Außerdem würde ich jetzt sagen, dass wenn man das Auto verleiht grundsätzlich nach Führerschein fragen und den Hinweis geben muss, dass kein Alk-konsum vorliegen darf. Ist aber nur meine persönliche Meinung. Welche Hürden hier ein Richter setzt müsste wohl im Einzelfall entschieden bzw. mal ein paar Referenzurteile betrachtet werden.

Wenn der gute Mann 2%o hatte, dann sollte das jedem auffallen der sein Auto verleiht...
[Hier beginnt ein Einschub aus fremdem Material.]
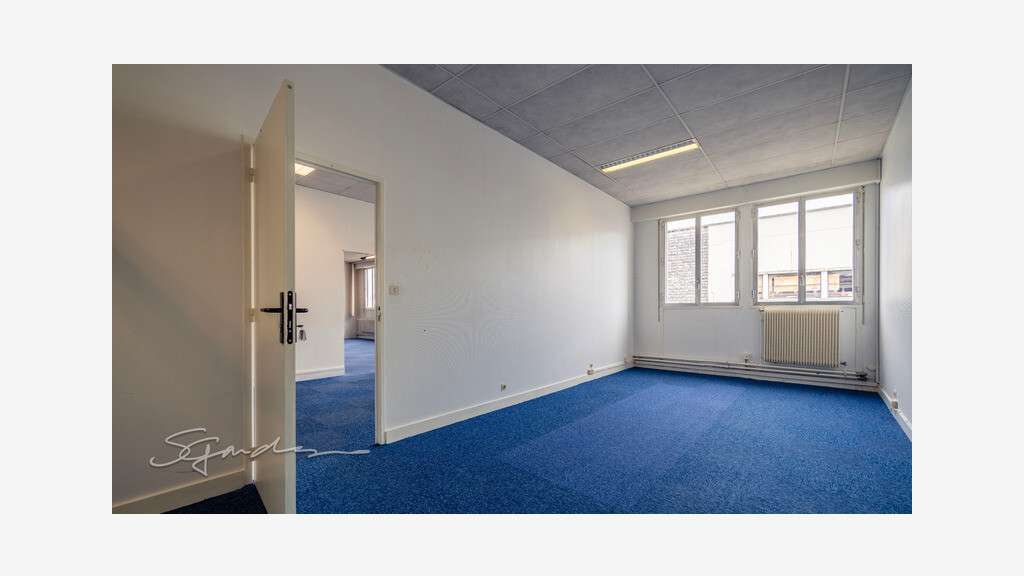 A louer bureau 430m² zone Induspal à Lons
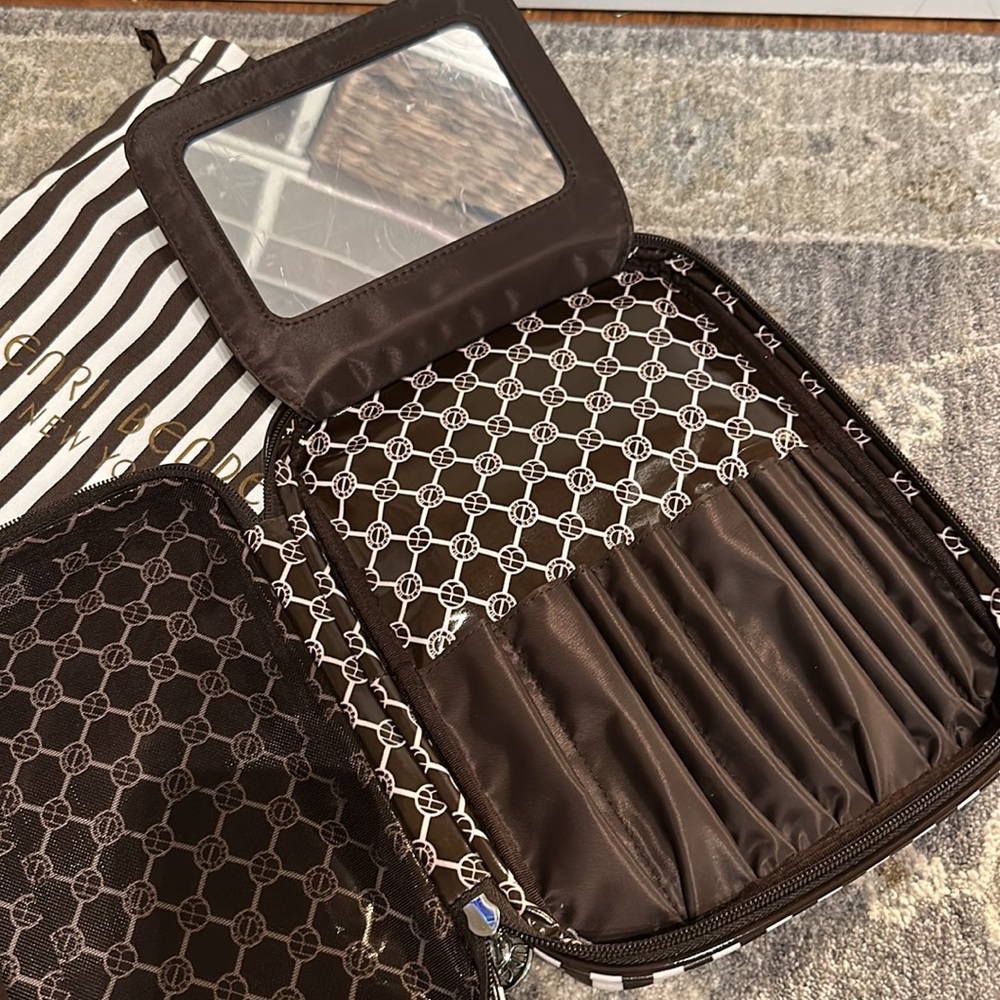 🎀🆕 New Henri Bendel Makeup Case and Brush Holder Bag - Picture 5 of 7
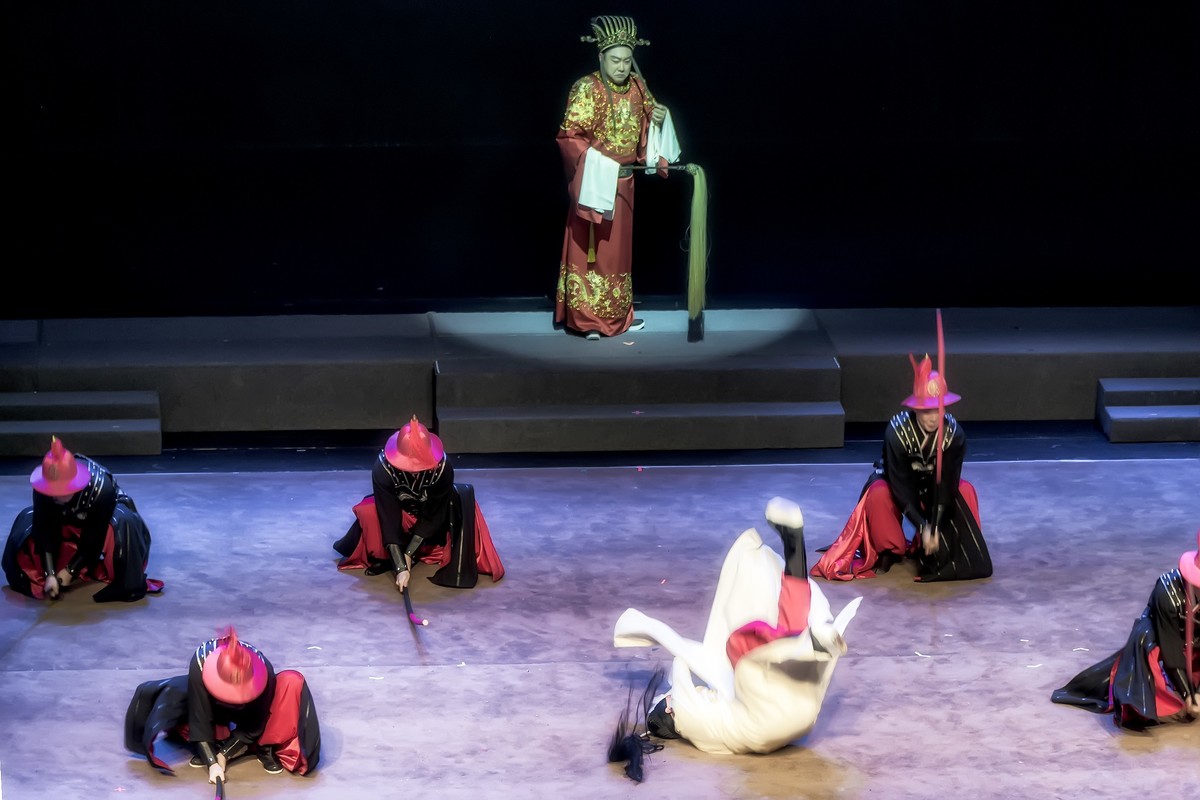 舞台摄影：新编历史京剧《阳明悟道 》（ 杖刑贬逐）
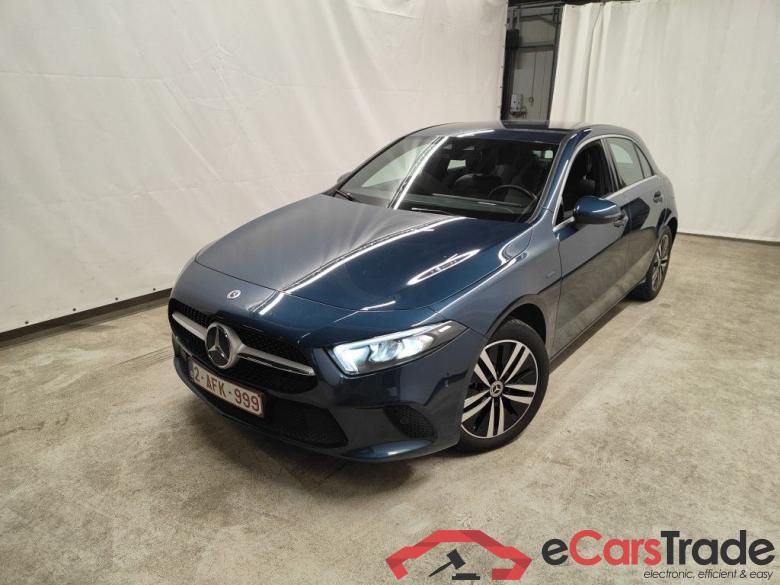 Mercedes-Benz A-Klasse A 250 e Business Solution 5d #3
Hatte er jetzt 0,6%o und die beiden haben gerade beim Italiener ein Radler und ne Pizza zusammen getrunken und der Fahrer hatte sonst keinerlei Anzeichen, würde ich sagen, dass man nicht davon ausgehen muss, dass der Fahrer schon "vorgeglüht" zum Essen gekommen ist.
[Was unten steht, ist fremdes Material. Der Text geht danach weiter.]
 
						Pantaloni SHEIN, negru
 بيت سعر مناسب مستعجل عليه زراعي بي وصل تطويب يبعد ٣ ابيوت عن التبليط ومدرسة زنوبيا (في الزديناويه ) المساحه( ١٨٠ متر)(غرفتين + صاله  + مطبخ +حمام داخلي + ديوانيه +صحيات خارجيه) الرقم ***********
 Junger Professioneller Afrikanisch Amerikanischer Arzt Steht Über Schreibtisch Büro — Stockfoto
Themenstarteram 9. September 2014 um 11:11

Ok, danke.

Hört sich logisch an.

Zitat:

Original geschrieben von lejockel

HAllo Lilly,

in meinen Bedingungen steht dieser Satz drin:

2. Ist die Entwendung des Fahrzeugs oder der Schaden infolge des Genusses alkoholischer

Getränke oder anderer berauschender Mittel von dieser Person grob fahrlässig herbeigeführt

worden, werden wir von ihr unsere Leistung in einem der Schwere ihres Verschuldens

entsprechenden Verhältnis zurückfordern, es sei denn, diese Person lebt mit Ihnen in

häuslicher Gemeinschaft.

Nach diesem Satz würde mein Versicherer wohl in der Kasko gegenüber dem VN leisten, wenn der Fahrer brechtigter Fahrer war, und sich dann das Geld vom Fahrer wiederholen.

LEjockel

Der Satz sagt nur, dass der VR sich das Geld zurückholt. Er sagt aber nicht "klar darfst du einem Besoffenen den Schlüssel in die Hand drücken weil er ja nicht mal mehr nach Hause laufen kann, da ist fahren dann schon besser. Keine Sorge wir zahlen immer, ganz egal wie verantwortungslos du handelst..."

Wenn der VR zur Leistung verpflichtet ist, wird er zahlen und sich dann einen entsprechenden Teil zurückholen. Ist er nicht zur Zahlung verpflichtet gibt's auch nichts zur holen.

Hallo tomtom,

habe extra meine Leistungsauschlüsse gelesen. Also was ist nicht versichert und wann ist der Versicherer leistungsfrei. Kann da beim besten Willen nichts anderes lesen. Klar werden die den Fahrer voll in Regreß nehmen oder es auf einen Prozess ankommen lassen, aber so steht es nun mal in den Bedingungen meiner Versicherung. Eine der wenigen, die auf den Regress auch bei Angehörigen verzichtet.